Culpa se desculpa
Eu gosto de olhos que sorriem, de gestos que se desculpam,
de toques que sabem conversar e de silêncios que se declaram.
Machado de Assis
Culpo meu relógio, não o tempo que desperdicei, a pedir-lhe desculpa.
Minhas palavras inconvenientes ditas não as que guardei, mas as que pus fora sem perdão.
Culpo a escuridão, não a luz sem acender, clarear da escusa.
A comida que não provei, fome sem matá-la, do suicídio do sabor.
Culpo a falta de sono, medo de não acordar, de não ter sonhado.
A caneta que não escreve, papel ágrafo, do texto não escrito.
Culpo o copo d’água sem água no copo, sede que não cede.
A semente sem deixar que nascesse, planta sem cuidar, e outra que indevidamente colhi.
Culpo a memória do passado, o que reluto em lembrar, fazer de conta que esqueci.
Das velhas amizades que não envelheceram comigo, antes partiram, me repartem agora.
Culpo por não estar certo, sem saber quem não erra, de acertar junto com outros.
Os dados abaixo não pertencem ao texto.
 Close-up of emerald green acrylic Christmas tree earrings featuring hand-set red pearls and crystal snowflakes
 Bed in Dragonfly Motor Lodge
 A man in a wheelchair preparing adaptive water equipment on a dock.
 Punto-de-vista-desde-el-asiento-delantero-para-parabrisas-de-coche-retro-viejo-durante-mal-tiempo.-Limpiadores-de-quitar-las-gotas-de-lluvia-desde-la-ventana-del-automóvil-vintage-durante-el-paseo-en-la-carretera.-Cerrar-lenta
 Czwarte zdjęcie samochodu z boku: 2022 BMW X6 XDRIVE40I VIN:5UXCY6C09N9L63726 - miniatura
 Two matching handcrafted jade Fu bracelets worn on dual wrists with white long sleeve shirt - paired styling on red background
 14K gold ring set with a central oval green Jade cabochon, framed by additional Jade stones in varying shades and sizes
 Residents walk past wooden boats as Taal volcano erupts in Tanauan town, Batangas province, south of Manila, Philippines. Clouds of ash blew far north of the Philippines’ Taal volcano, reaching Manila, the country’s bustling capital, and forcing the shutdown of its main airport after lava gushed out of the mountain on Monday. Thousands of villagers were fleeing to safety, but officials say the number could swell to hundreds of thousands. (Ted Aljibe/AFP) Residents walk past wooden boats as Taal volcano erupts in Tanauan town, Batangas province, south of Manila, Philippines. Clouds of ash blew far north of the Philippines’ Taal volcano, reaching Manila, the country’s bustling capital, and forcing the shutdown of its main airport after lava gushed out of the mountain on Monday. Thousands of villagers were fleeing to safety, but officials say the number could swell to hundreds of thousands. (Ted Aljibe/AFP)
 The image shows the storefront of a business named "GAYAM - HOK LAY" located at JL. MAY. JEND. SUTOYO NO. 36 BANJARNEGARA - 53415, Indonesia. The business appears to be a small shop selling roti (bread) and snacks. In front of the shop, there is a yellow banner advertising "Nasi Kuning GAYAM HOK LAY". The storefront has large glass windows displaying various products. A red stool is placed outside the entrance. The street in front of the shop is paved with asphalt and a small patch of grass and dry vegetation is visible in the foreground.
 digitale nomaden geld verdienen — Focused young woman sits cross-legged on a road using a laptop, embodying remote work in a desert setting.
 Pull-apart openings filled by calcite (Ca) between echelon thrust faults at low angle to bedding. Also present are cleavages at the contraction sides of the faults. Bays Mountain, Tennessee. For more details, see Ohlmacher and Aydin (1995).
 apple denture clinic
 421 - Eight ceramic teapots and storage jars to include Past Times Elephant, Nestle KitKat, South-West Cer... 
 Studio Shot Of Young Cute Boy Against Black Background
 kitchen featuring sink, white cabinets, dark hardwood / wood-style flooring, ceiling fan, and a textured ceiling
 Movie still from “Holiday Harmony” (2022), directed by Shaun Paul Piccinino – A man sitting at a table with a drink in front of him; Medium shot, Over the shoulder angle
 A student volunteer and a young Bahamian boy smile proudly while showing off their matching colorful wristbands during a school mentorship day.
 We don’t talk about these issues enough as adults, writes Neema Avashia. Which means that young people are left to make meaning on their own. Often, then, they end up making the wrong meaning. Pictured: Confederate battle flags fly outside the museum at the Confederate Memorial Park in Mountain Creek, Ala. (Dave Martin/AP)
De não ser doce, amargar impaciente, sem paladar.
Culpo minha ausência, recusa da companhia, tento expulsar a solidão que não me abandona.
A direção que segui, do caminho que desviei, voltando antes de chegar.
Crer em tudo, descrer de mim, vã guarda das pessoas acreditarem em mim na vanguarda.
Culpo os amores que não me restaram, arrastados pelos desamores instados sem mim.
Por ter perdido o que antes quis ter, após a recusa ao pertencimento.
Culpo a desculpa que não pedi, pende o perdão que peço, peça da compreensão.
As roupas novas que não experimentei a provar que as velhas não me aprovam, mas visto.
Culpo os retratos familiares, vidrado, vidro quebrado que brado, sem me ver no espelho.
Da minha risada, gargalhada das pessoas, elas confiam no meu bom humor, não rio delas.
Culpo o que escrevi agora sem ter lido, desculpem-me como lido com as palavras.
Por fim, não pus fim ao que não começou, o amanhã me aguarda, sem que eu guarde o hoje.
Fases de Fazer Frases (I)
Quando alguém descobre que é laranja tem um baita pepino para descascar o abacaxi.
Fases de Fazer Frases (II)
O lapidador lapida a lápide. Lápide da dor.
Fases de Fazer Frases (III)
Aberração é berrar sem ação.
Fases de Fazer Frases (IV)
Para conseguir ouvir tudo é preciso fazer de conta que é surdo.
Olhos, Vistos do Cotidiano
São ossos do ofício, é o ditado. Túmulos abandonados há anos, muitos deles sem identificação alguma, estão sendo abertos e retirados os ossos. Os ossos recolhidos vão para o ossário do Cemitério São Judas Tadeu de Campo Mourão. Evidentemente que a ação é hoje mais do que necessária, naquela necrópole não tem mais espaços para enterros.
A minha saudosa mãe Elza não se esquecia de acender velas nesses túmulos abandonados, alguns não passavam de um monte de terra, cruz de madeira apodrecida, quando tinha. Ela rezava com fé em favor do desconhecido, ao menos para que ele não ficasse tão abandonado. .
Reminiscências em Preto e Branco (I)
Homens não carregam mais um pente, claro, para pentear os cabelos desalinhados pelo vento, por exemplo. Achava engraçado dois carecas não abrirem mão do pente. Ambos tinham o nome de Eloy, já falecidos, meu pai e meu. Desde que me tornei gente só conheci o meu pai já careca, tão poucos os cabelos na nuca. E o meu irmão, talvez para imitá-lo, tinha o pente dele, antes mesmo de começar a ficar careca, e careca ficou, com o pente, sempre.
Reminiscências em Preto e Branco (II)
Como um assunto puxa outro, assim também se dá com as palavras, que levam às outras. Penteadeira – móvel com espelho, gavetas e espaço para escovas, talcos, perfumes – ninguém tem, por isso dela não mais se fala. Minha mãe e irmãs tinham. Bem, só para rememorar o pente.